Regionally, the Washington area is experiencing price increases as well as slightly fewer sales, and there are indications that the years-long shortage of homes on the market may be easing. But when you look at suburban Maryland’s Montgomery and Prince George’s counties, market indicators are often going in opposite directions.
In both counties, home prices rose in August, but the gap between values in the two areas remains high. The median sales price in Montgomery County was $443,000 in August 2018, up 4.2 percent compared with August 2017, according to Rockville-based Bright MLS. The median sales price in Prince George’s County was $294,950 in August 2018, up 7.3 percent compared with August 2017, according to Bright.
Sellers continue to have the upper hand in both counties, with homes selling quickly — within 17 days in Montgomery County and 18 days in Prince George’s County on average, according to Bright.

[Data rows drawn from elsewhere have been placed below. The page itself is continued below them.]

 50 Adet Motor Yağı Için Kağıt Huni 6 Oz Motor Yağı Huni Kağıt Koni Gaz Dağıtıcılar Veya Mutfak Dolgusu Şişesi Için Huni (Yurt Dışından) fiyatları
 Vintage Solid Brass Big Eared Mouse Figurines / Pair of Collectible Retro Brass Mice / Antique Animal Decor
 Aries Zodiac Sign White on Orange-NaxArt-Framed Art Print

Another indication of a seller’s market is that buyers are paying an average of 98 percent of the listing price in both counties.
Redfin brokerage’s “Compete Score,” which measures the level of difficulty buyers will encounter in a bidding war, ranks Takoma Park Historic District in Montgomery County at the top with a 90 out of 100. Other highly competitive neighborhoods in Montgomery County include Takoma Park, outside the historic district, (88) and Wheaton (84). In Prince George’s County, the two most competitive neighborhoods are University Park (85) and College Heights in Hyattsville (84).

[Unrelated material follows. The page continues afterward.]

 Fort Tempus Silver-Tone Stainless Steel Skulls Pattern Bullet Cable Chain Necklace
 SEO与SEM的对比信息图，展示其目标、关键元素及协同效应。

A limited number of homes on the market has been plaguing buyers for years and continues to have an impact in Montgomery County, where Bright says the number of homes listed for sale declined again by 5.7 percent in August compared with August 2017.
“Inventory is tight in Montgomery County because homeowners aren’t moving if they don’t have to,” says Bryan Kerrigan, a real estate agent with Redfin brokerage. “They’re concerned they won’t be able to find another place to buy, plus the impact of a higher interest rate is even bigger with a larger mortgage. Someone looking at a $1.5 million house may not want to give up a 3.5 percent mortgage rate for a 5 percent rate.”

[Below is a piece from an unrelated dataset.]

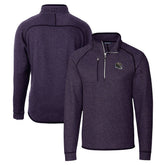 Baltimore Ravens Cutter & Buck Helmet Mainsail Sweater-Knit Half-Zip Pullover Jacket Purple - NFL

Rising home prices mean that even people who want to downsize often end up paying more in housing costs if they move, says Kerrigan, especially if they have enjoyed a low mortgage rate.
The number of sales were up in August by 2.5 percent in Montgomery County compared with August 2017, according to Bright. However, pending sales, which are homes under contract that have yet to complete settlement, declined by 5.9 percent during that period, an indication of a slowing market.
“Homes priced in the $300,000 to $500,000 range sell very fast because there’s a lot of demand among buyers for that price point,” says Kerrigan. “Inventory is low across the board in every price range, but at the higher price points the market is a little slower.”
Kerrigan says sellers need to be aware the buyers today are price savvy and less likely to make an offer on an overpriced listing.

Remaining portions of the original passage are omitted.